Problem: Below are some records. Return exactly the lines from the one containing "AIRBAG A TENDINA" through the one containing "Lustful Games Chapter 12 - Page 10", both included, and only those.

____ Provided records

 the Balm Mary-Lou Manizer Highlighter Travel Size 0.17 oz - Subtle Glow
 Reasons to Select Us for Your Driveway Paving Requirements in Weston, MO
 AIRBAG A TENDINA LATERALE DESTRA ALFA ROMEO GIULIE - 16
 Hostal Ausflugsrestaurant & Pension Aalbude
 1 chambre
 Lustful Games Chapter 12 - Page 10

________
____ Provided records

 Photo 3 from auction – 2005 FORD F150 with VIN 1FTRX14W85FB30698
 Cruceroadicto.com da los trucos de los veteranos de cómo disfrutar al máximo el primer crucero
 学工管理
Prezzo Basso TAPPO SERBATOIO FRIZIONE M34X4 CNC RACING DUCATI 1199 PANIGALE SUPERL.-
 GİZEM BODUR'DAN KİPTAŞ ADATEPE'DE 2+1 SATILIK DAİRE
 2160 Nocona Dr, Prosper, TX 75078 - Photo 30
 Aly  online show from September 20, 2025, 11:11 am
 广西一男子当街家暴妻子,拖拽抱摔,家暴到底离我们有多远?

________
____ Provided records

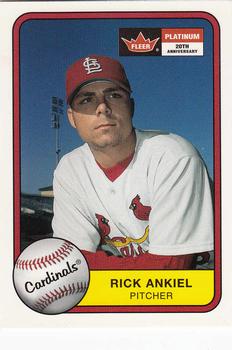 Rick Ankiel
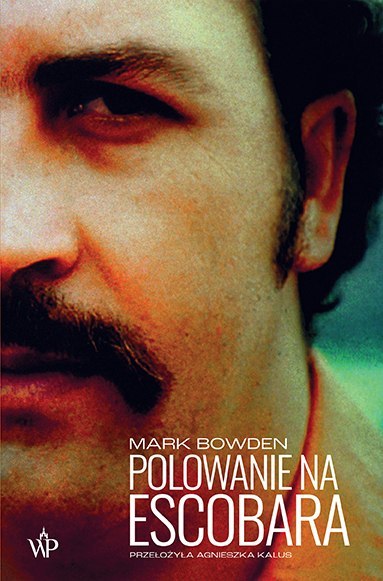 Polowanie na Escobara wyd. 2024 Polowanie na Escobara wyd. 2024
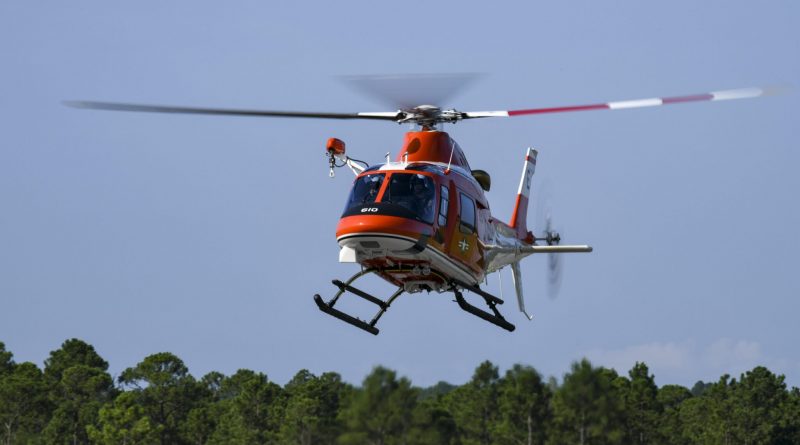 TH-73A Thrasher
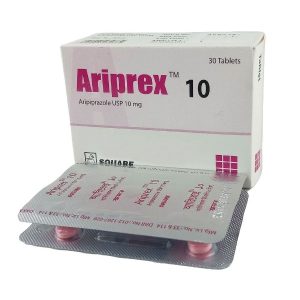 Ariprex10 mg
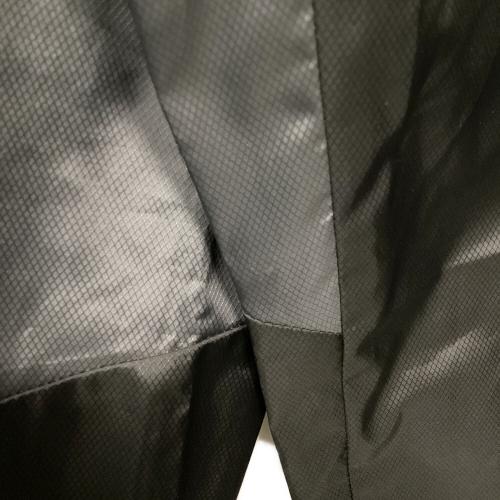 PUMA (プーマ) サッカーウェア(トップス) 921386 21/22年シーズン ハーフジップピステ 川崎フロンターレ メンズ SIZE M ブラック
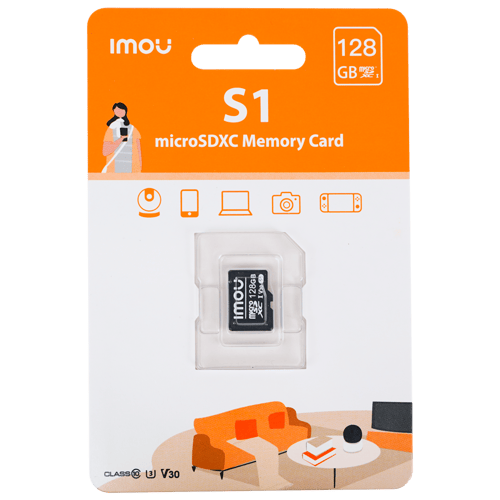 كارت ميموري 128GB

________

Solution to this exercise:
 AIRBAG A TENDINA LATERALE DESTRA ALFA ROMEO GIULIE - 16
 Hostal Ausflugsrestaurant & Pension Aalbude
 1 chambre
 Lustful Games Chapter 12 - Page 10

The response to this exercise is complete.